Il se passe rarement aussi peu de temps entre les prédictions et leur éclatement au contact de la réalité. Prenons donc un moment pour nous souvenir de toutes ces voix tonitruantes qui se sont élevées, chacune avec sa vérité, sa conviction, son émotion. Mégalomanes, profiteurs ou simples grandes gueules, on leur a trop accordé notre attention et notre crédulité.
- Les futurologues qui, dès le 16 mars 2020, savaient nous dépeindre le « monde d’après » – en général une projection de leurs désirs ou de leurs craintes ;
- Les marchands de rêve qui avaient, on ne saura jamais comment, trouvé LA solution, le traitement miracle ;
- Les prophètes du déni, capables d’affirmer sans ciller devant une caméra que tout ça n’était pas plus grave qu’une grippe ;
- Ceux qui clamaient leur colère ou leur angoisse sur les réseaux sociaux, et accusaient sans preuves les boucs émissaires du moment.
Quand on arrive en pays étranger, on conseille souvent de ne pas se fier à ceux qui viennent vers vous en clamant « Taxi! ». Ces braves gens veulent juste vous intercepter et vous embarquer dans leur voiture de maraude aux tarifs « maison », avant que vous ne trouviez les vrais taxis, qui attendent plus loin en file.

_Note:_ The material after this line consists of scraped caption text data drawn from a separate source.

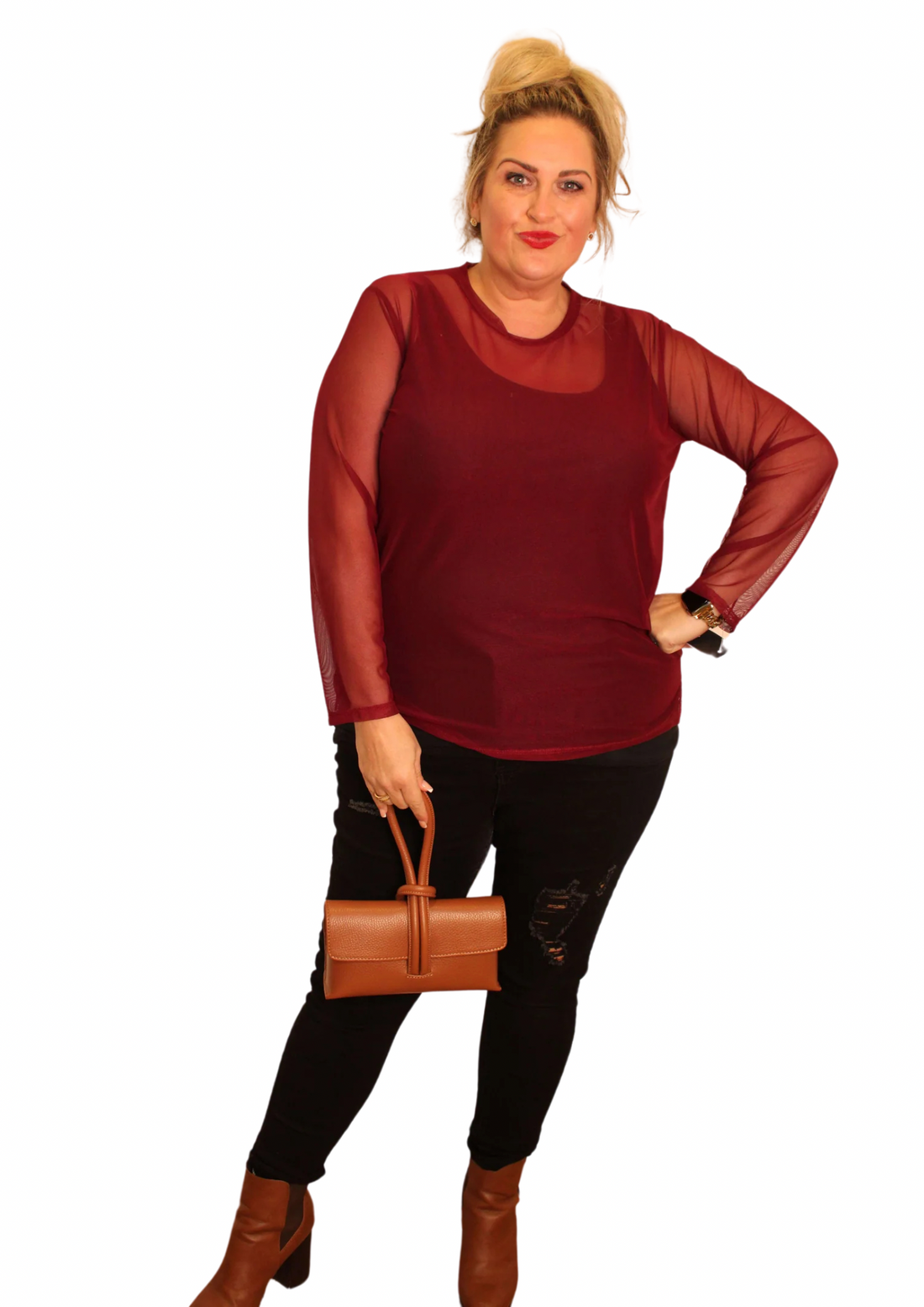 Sheer Top Plain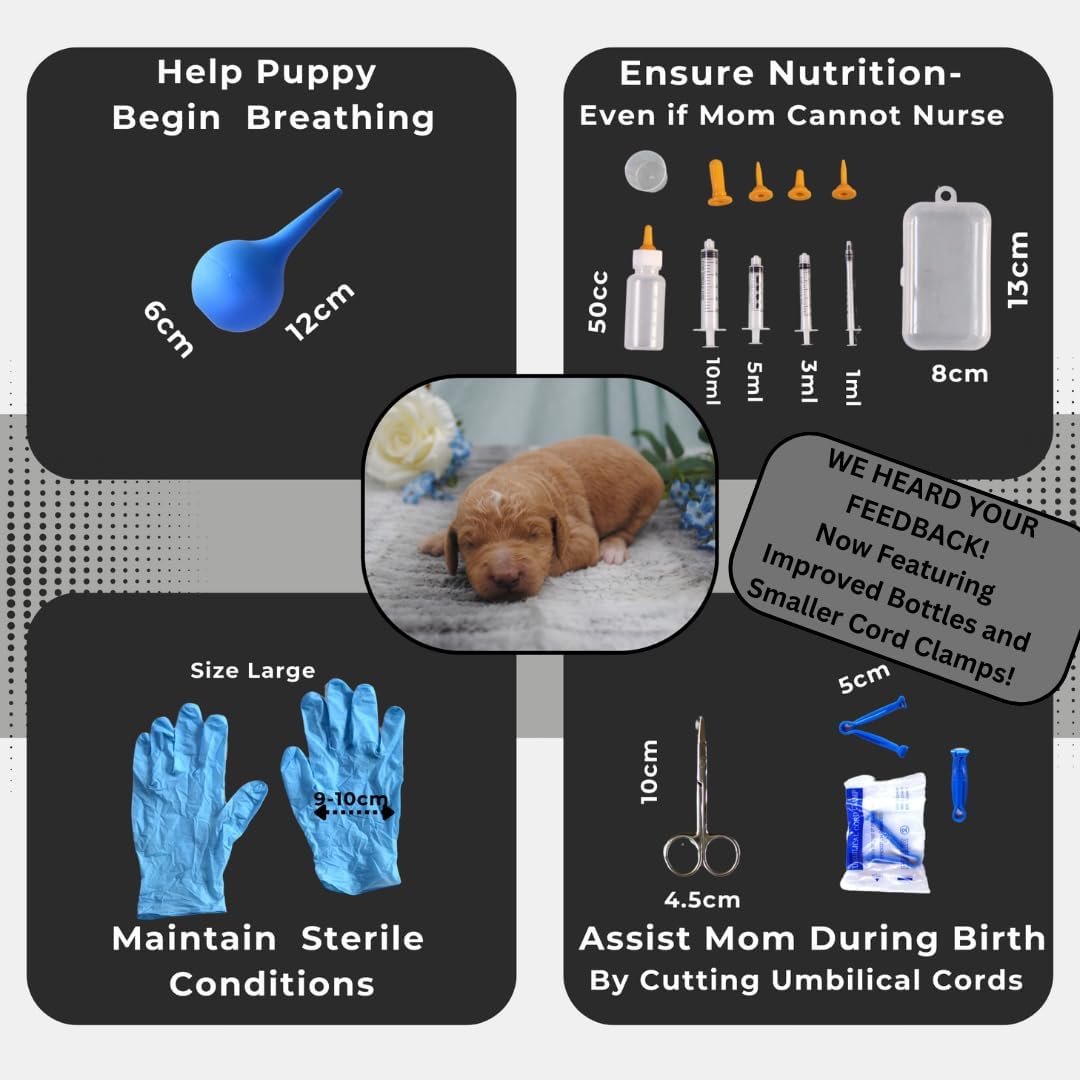 SHEFFIELD SS SHOP Puppy Whelping Supplies 64 Piece Puppy Whelping Kit
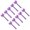 Purple, variant on 10pcs Vibrant Cheerleader Keychain Set Fashionable Keyring Gift for Teen Girls
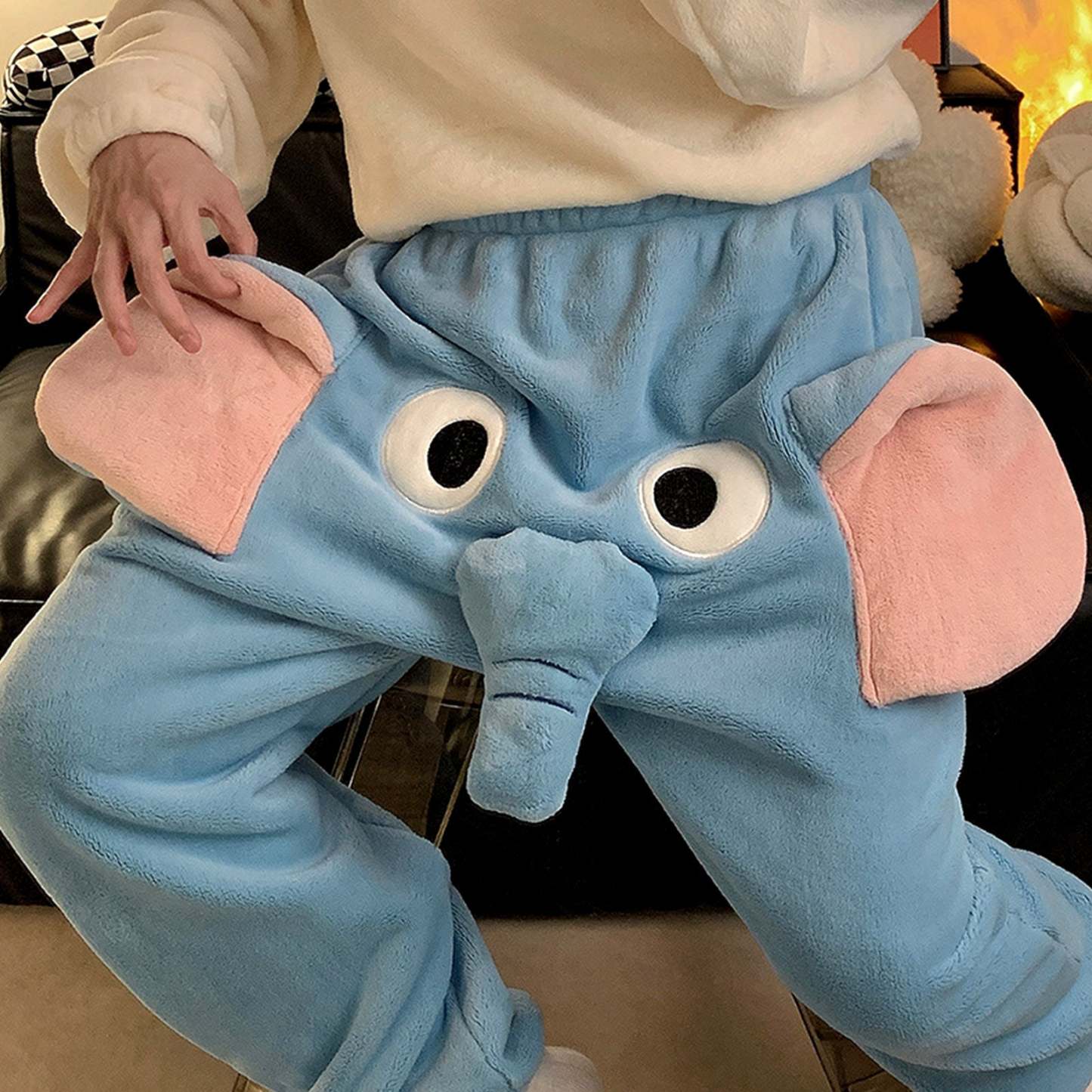 Elephant Trunk Pants Pajama Pants for Couple - 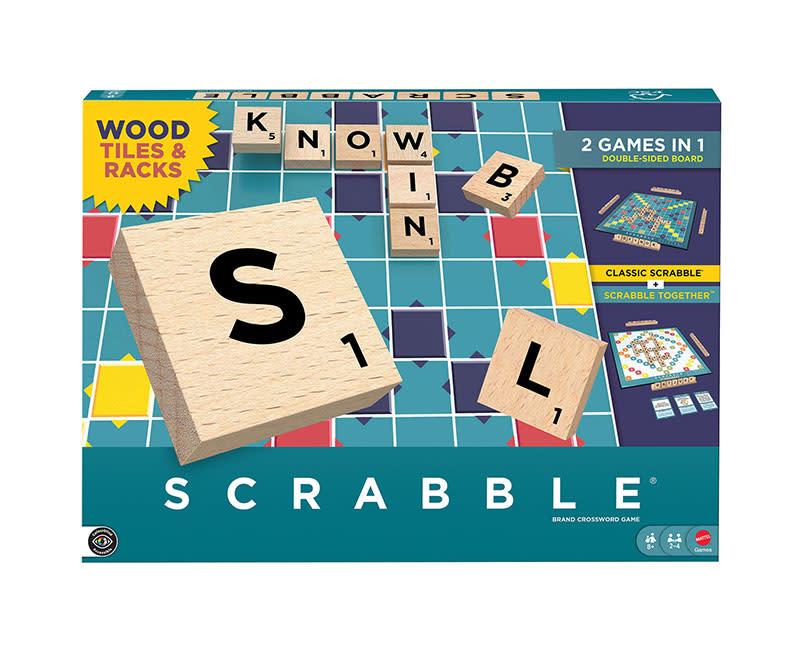 Neo Scrabble Με Ξύλινα Γράμματα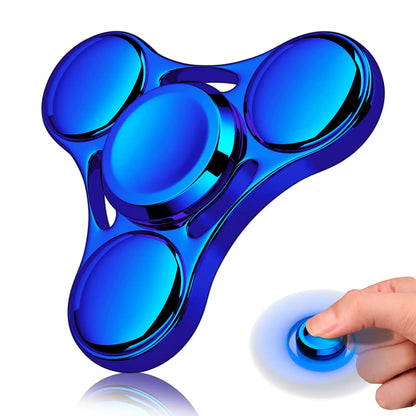 Metal Fidget Spinner Toys,EDC Hand Spinner Anti Stress Relief Toys,Antistress Anxiety Fidgeting Toy for Adult Kids Autism ADHD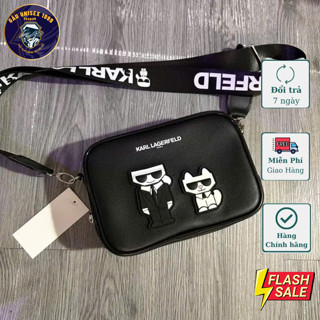 Túi Đeo Chéo Nam Nữ KAN Lão Gia Và Chú Méo Trắng ( Chữ Nhật ), Chất Liệu Phong Cách Hàn QUốc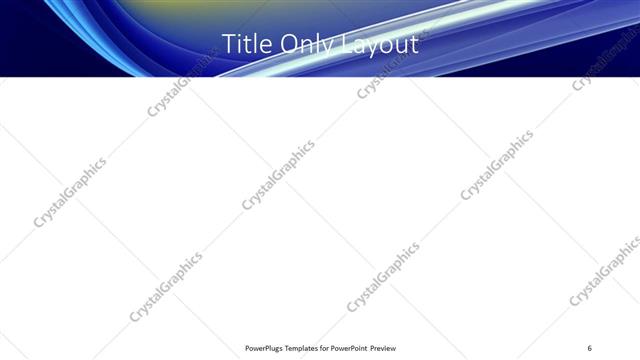 Title Only presentation slide layout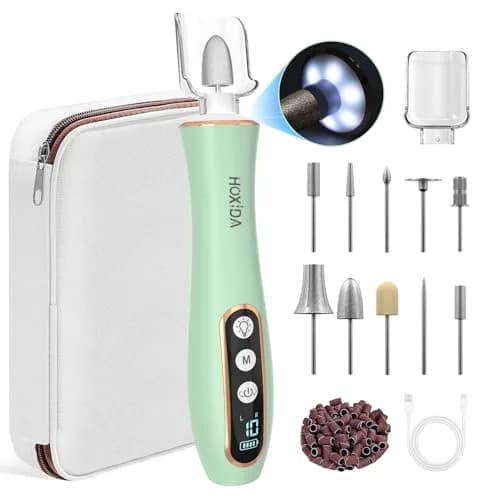 Hoxida Professional Cordless Electric Nail Drill Kit with 360° LED Light & 10 Speeds | 20,000 RPM thumbnail 1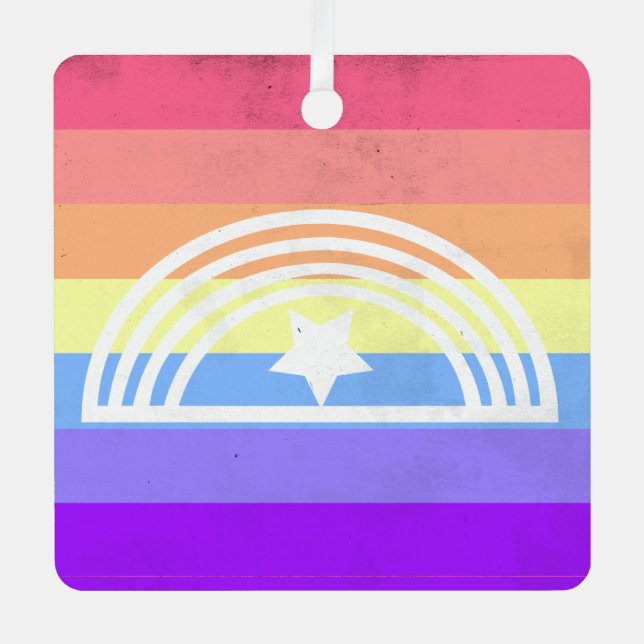 Xenogender Metal Tree Decoration (Front)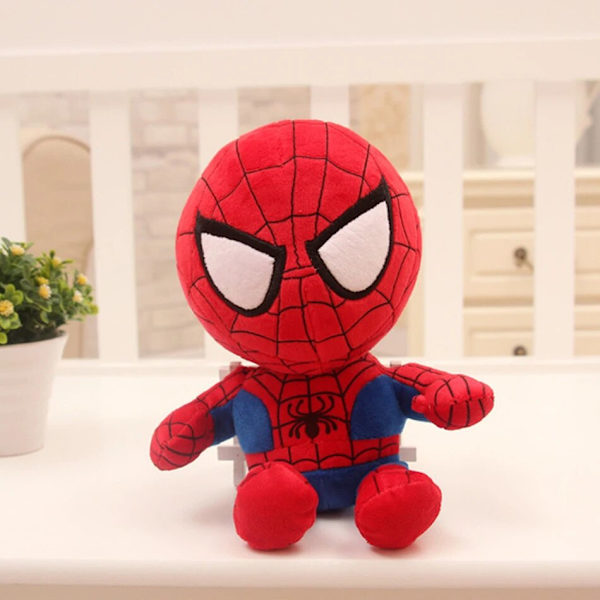20-30cm Disney Marvel Spiderman Plyschleksak Mjuk Fylld Tecknad Fylld Docka Stor Plysch Pojke Tygdocka Kudde Barn Julklapp Auburn
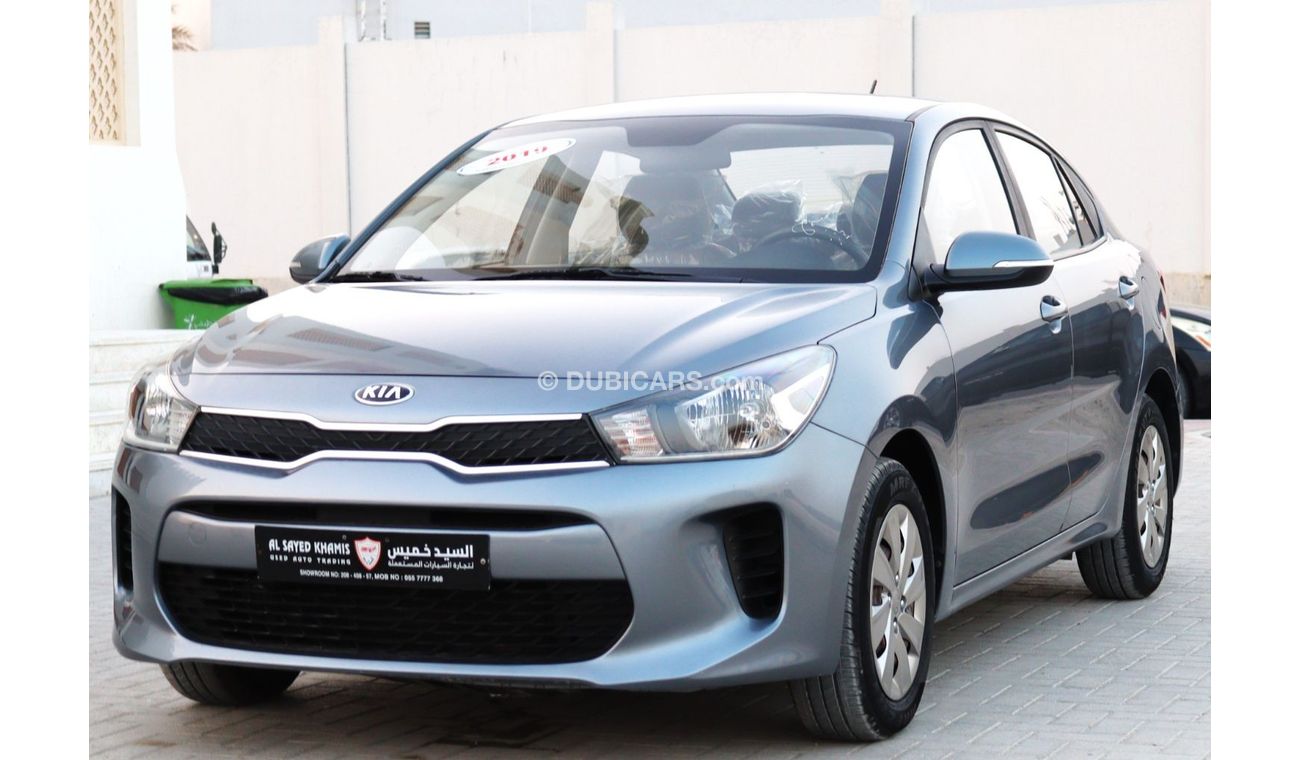 Kia Rio LX Kia Rio 2019 GCC in excellent condition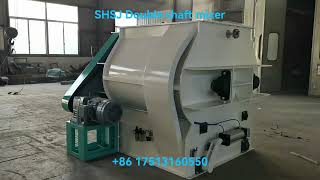 SHSJ Double shaft mixer machine for feed production [upl. by Sorcha]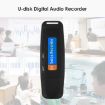 SK001 Rechargeable USB Voice Recorder Pen - Black - 6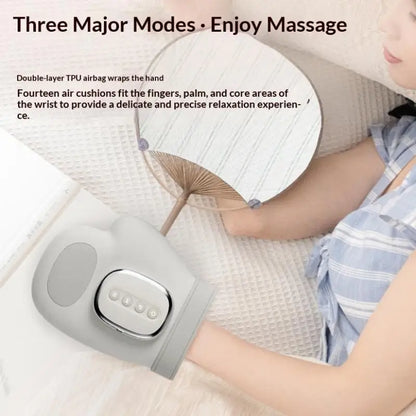 Cordless Hand Massager with Airbag Compression Pain Relief for Finger Joint and Wrist Palm Massage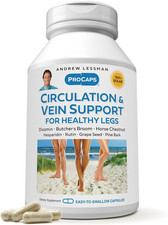 Circulation, Vein Support for Healthy Legs 60 Capsules - High Bioactivity Diosmi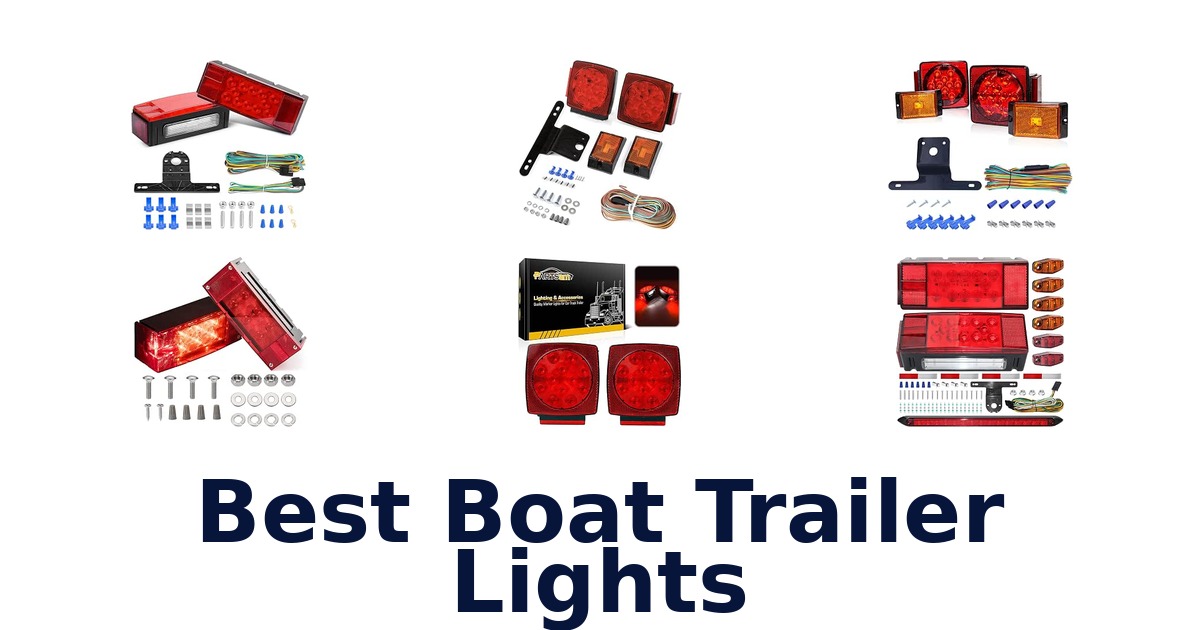 Best Boat Trailer Lights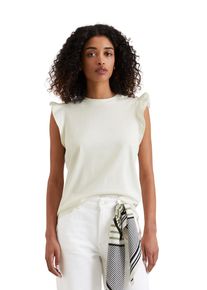 Marc O'Polo Damen Shirttop, weiß, casual, Gr. XL, MARC O'POLO DENIM, Jersey, Obermaterial: 100% Baumwolle, Tops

Le même conseil pourrait s’appliquer à l’information et aux opinions ; ceux qui tiennent le plus à les partager n’ont pas forcément les meilleures intentions.
Souvenons-nous aussi de ces idées bien arrêtées que nous avons parfois adoptées dans les premiers temps de la pandémie, fondées sur un ressenti ou un message qui semblait convaincant.
Tant d’affirmations, et si peu d’informations.
Dans 1, 5 ou 20 ans, une autre crise viendra sans doute, aussi dure ou pire. J’aimerais croire que nous aurons appris, au moins un peu, à ne pas écouter les charlatans, ceux qui propagent leur propre aveuglement, ou qui cherchent juste à nourrir leur ego. À moins écouter la voix de nos propres inquiétudes, aussi.
Mais pour cela, il faudra déjà surmonter notre besoin de convictions, dans des situations qui seront définies par l’incertitude.